Les usagers d’un tel service sont ceux-là mêmes qui aspirent à un élargissement du spectre des ouvrages diffusés. Elle pose le constat que « plus le temps passe, plus les gens consultent son contenu. La bibliothèque est même très visitée en dehors de l’Occident et, très régulièrement, on reçoit les témoignages de gens qui fréquentent “ Les classiques ” ; on prend conscience de ce fait, mais on aimerait aussi donner accès à ce qui se produit ailleurs et pas seulement à ce qui se réalise ici. »
 
Partenariats multiples
 
Quels sont les moyens à prendre pour parvenir à repérer et à rassembler cette richesse intellectuelle qui foisonne à l’échelle du globe ? « Le plus grand défi, c’est probablement d’entrer en contact et de nouer des collaborations avec des chercheurs et des réseaux de chercheurs oeuvrant sur d’autres continents, afin de susciter leur intérêt ; il faut y mettre un certain temps avant que ceux-ci ne connaissent et ne comprennent “ Les classiques ” et sa mission, pour finalement choisir d’y diffuser leurs travaux. Comment rejoindre des gens qui vivent en Côte d’Ivoire, avec lesquels nous sommes moins familiers ? Comment les atteindre et entrer en communication avec eux pour qu’ils participent à cette mission-là de diffusion des savoirs ? »
 
La doctorante témoigne d’expériences enrichissantes qui sont vécues ailleurs : « On sait qu’il existe beaucoup d’initiatives superintéressantes : par exemple, en Afrique, il y a déjà des plates-formes de revues en ligne qui donnent accès gratuitement à des sites renfermant des articles publiés par des chercheurs africains ; il y a aussi le Conseil pour le développement de la recherche en sciences sociales en Afrique (CODESRIA), qui diffuse également un grand nombre de publications.

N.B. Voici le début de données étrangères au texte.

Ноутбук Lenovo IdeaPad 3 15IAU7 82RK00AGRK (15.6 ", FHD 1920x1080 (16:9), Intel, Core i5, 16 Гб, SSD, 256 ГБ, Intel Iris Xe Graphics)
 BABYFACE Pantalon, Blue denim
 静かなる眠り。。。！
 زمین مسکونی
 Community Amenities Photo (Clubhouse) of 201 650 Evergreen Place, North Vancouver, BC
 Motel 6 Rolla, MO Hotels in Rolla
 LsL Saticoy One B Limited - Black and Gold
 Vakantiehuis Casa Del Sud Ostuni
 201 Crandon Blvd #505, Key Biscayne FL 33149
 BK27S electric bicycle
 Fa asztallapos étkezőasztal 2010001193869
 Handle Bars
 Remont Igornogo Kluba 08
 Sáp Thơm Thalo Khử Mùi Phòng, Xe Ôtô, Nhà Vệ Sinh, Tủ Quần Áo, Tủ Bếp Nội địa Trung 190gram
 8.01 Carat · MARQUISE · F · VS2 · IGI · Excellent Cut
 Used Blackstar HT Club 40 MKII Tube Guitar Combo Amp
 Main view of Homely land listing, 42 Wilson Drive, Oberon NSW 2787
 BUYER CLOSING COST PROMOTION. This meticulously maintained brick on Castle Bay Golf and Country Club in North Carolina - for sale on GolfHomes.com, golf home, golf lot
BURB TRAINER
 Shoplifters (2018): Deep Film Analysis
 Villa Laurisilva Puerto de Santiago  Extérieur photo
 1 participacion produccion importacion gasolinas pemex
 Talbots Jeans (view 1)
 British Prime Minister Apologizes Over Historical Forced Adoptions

Alors, on cherche la façon de créer des partenariats avec ces initiatives-là. C’est facile de repérer un texte ou article disponible dans “ Les classiques ” avec les moteurs de recherche et on voudrait contribuer aussi à donner une plus grande visibilité à ces connaissances venues de l’étranger, en tissant des liens avec des organisations et des établissements déjà existants. »
 
Les pistes suivies et les avancées numériques
 
Émilie Tremblay assure que toute la francophonie, et pas seulement l’Afrique, qui est un bastion francophone en pleine émergence, suscite un intérêt dans le but d’augmenter et de diversifier le nombre des publications. Pour arriver à cette fin, elle explique la stratégie retenue : « On utilise les courriels, mais il est parfois difficile de trouver les bonnes adresses sur le vaste continent africain ; c’est surtout en passant par des organisations comme le CODESRIA, qui, dans ce cas, regroupe un grand nombre d’intellectuels africains, que des portes s’ouvrent ; il devient alors plus facile de contacter des gens qui, à leur tour, nous dirigent vers d’autres personnes ou des réseaux. »
 
Pour la doctorante, qui vit depuis plusieurs années une expérience d’édition numérique du savoir, l’avenir de cette forme de diffusion se présente de la sorte : « Si on parle d’accès libre, je pense qu’on peut entrevoir ce futur par une diversité de stratégies et d’initiatives, autant du côté de l’auto-archivage que du dépôt institutionnel de l’information scientifique et technique. Ces initiatives différentes viendront des organisations, des universités et d’un ensemble d’acteurs pour que puissent être encore plus accessibles des savoirs qui sont souvent, il faut le dire, issus de la recherche publique financée par les gouvernements. »
 
Collaborateur
 
Émilie Tremblay prononcera la conférence « Auteurs non occidentaux dans la bibliothèque numérique francophone Les Classiques des sciences sociales : situation actuelle et défis », dans le cadre du groupe « Diffusion du savoir libre et francophonie : diversité ou occidentalocentrisme ? », le dimanche 13 octobre à 13 heures.